Luckily, Montaigne also grapples with this question in several of his Essais, notably On Cruelty, among others. Professor Arthur Kirsch notes that “it has long been recognized that Shakespeare borrowed from Montaigne” (Kirsch, 337). This permeates many of Shakespeare’s plays but “is most palpable and most illuminating” in The Tempest (Kirsch, 338). Kirsch notes the important connections to several of Montaigne’s essays. Citing Montaigne’s important distinction that: “It seemeth that the verie name of vertue presupposeth difficulty, and inferreth resistance, and cannot well exercise it selfe without an enemy. It is peradventure the reason we call God good, mightie, liberall, and just, but we terme him not vertuous” (Montaigne, On Cruelty) (Kirsch, 341). Kirsch further develops this by connecting Montaigne’s sense of the need for struggle to a general valorization of empathy as the key to virtuous actions. Particularly, for Kirsch, the key to virtue is compassion in opposition to detachment (Kirsch 344).
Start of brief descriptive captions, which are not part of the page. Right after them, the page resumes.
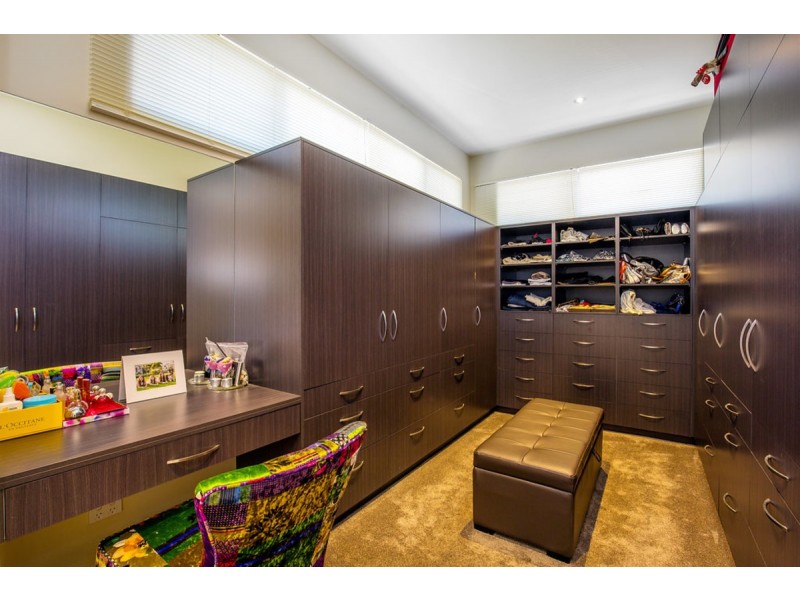 18 Anglers Esplanade, Runaway Bay QLD 4216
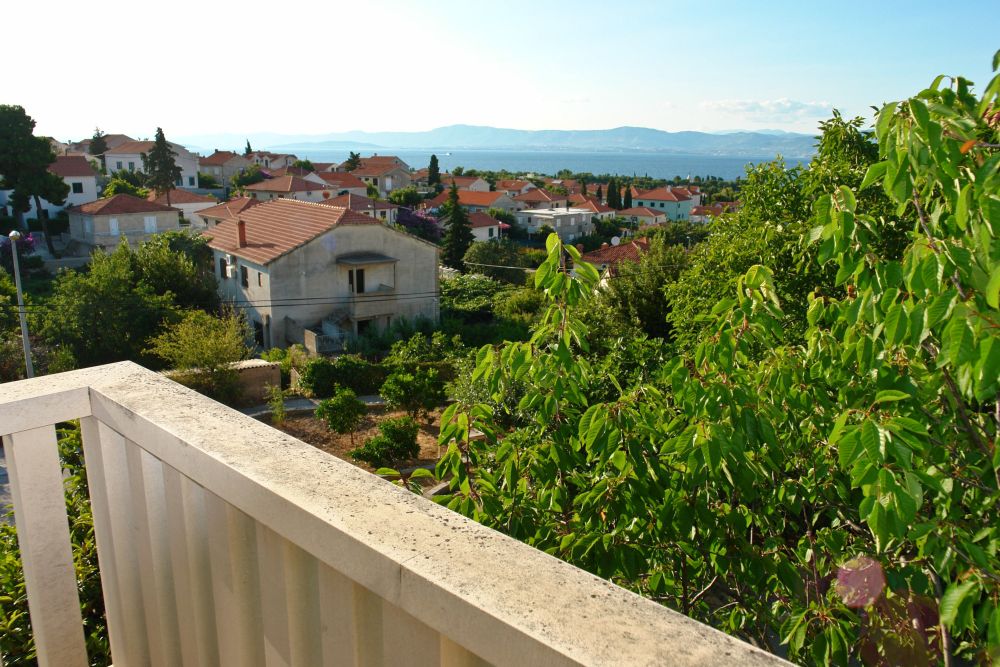 Widok z balkonu na morze i okolicę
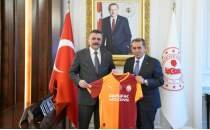 Dursun �zbek'ten ��i�leri Bakan� Mustafa �ift�i'ye ziyaret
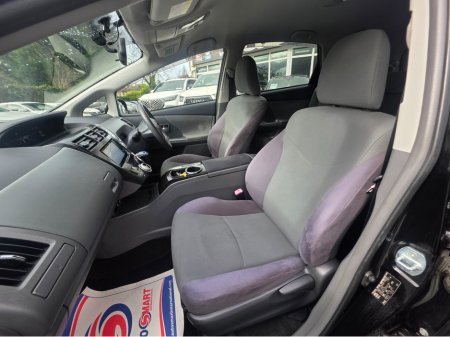 2013 Toyota Prius Alpha (7 Seater) - SELF CHARGING HYBRID -ALLOYS  -SIMI DEALER - LOW ROAD TAX BAND €13,450 thumbnail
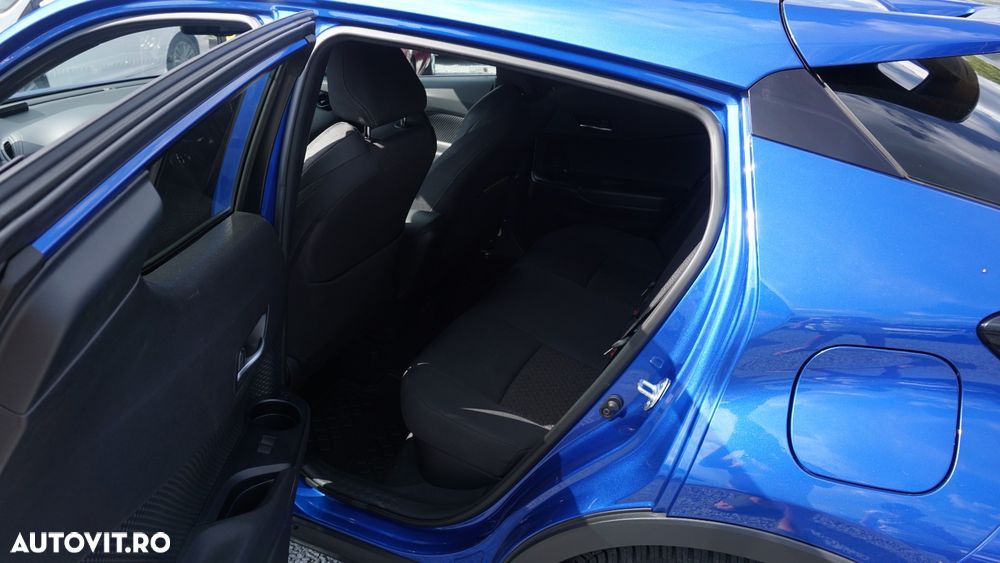 Toyota C-HR - 9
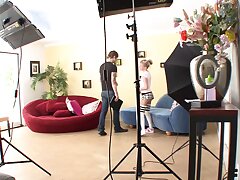 Ultra-kinky stud gets a Suck off then bangs a adorable stunner on the bed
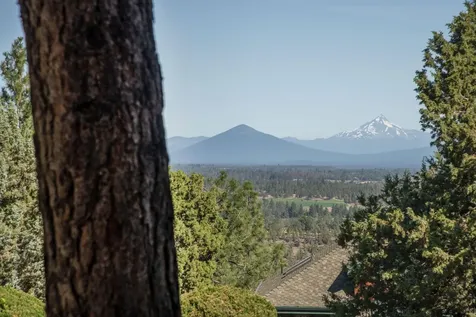3352 NW Windwood Way Bend OR 97703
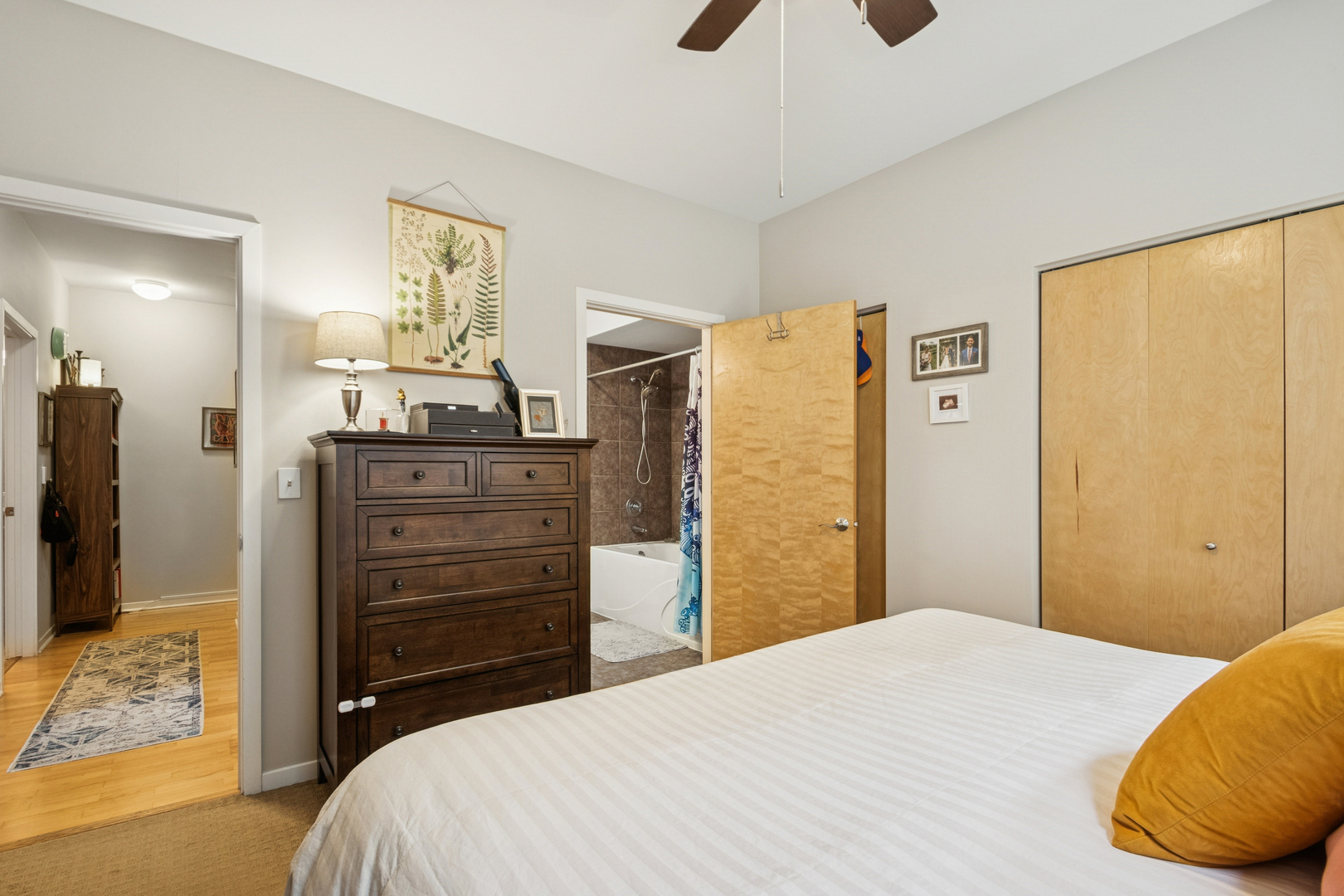 2923 N CLYBOURN Avenue Unit: 403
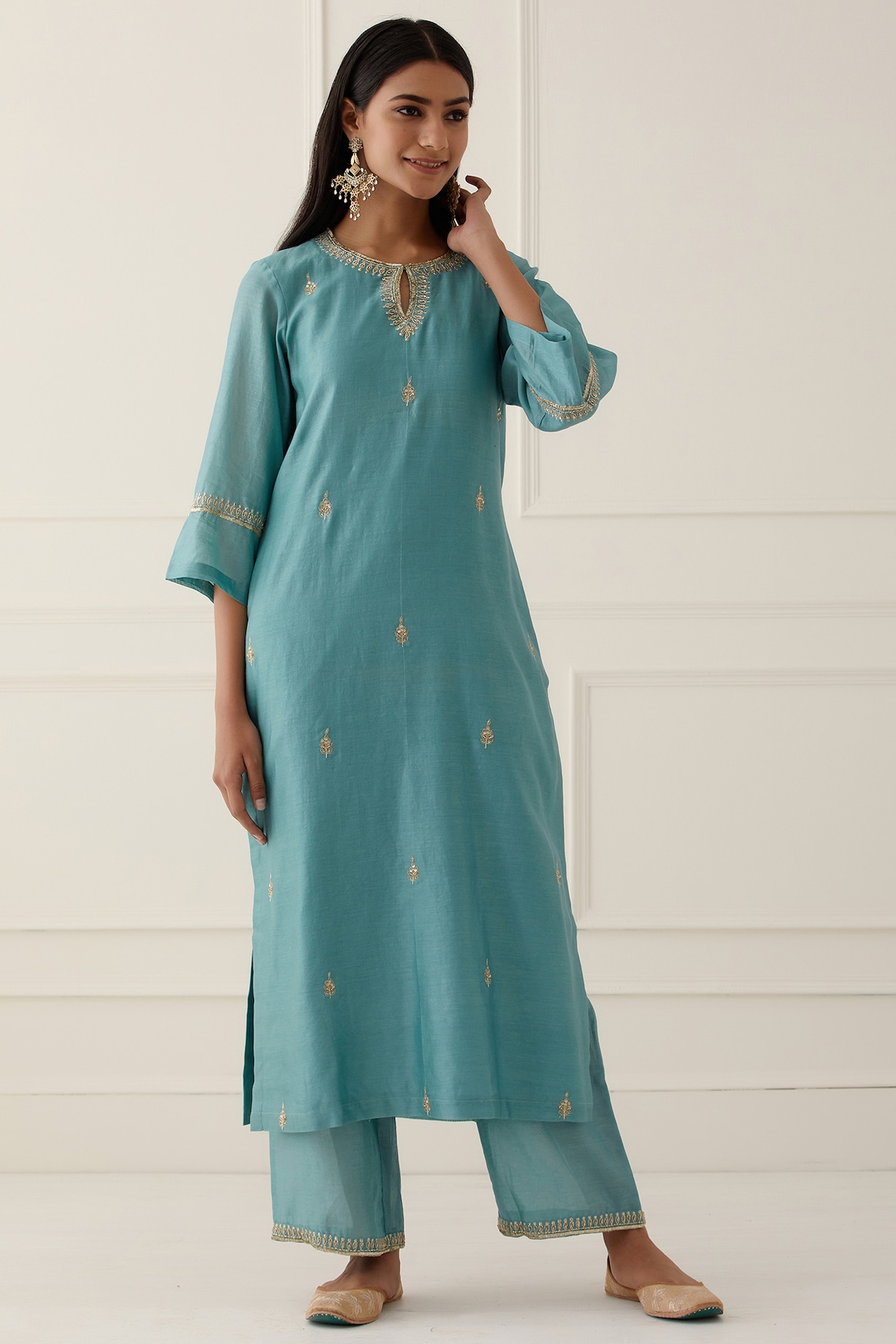 Sky Blue Embroidered Kurta Set by Ikshita Choudhary at Pernia's Pop Up ...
Whereas the Stoics performed their duties without emotional engagement with their subjects, according to Kirsch, Montaigne and Shakespeare are demanding emotional engagement (“cosuffering” is Kirsch’s term of choice) as integral to virtue. Put otherwise: “In The Tempest, in any event, suffering, compassion, is a tonic chord in the whole of action… It is revealed throughout the play in the ‘piteous heart’ of Miranda, who is animated by ‘the very virtue of compassion’” (Kirsch, 345).
Here, the emotional difficulty and engagement Montaigne is demanding as part of defining what is truly virtuous is the experience of emotional engagement. Returning to Aristotle: “for possession of virtue seems actually compatible with being asleep, or with lifelong inactivity, and, further, with the greatest sufferings and misfortunes; but a man who was living so no one would call happy” (Nicomachean Ethics, Book 1, Section 5).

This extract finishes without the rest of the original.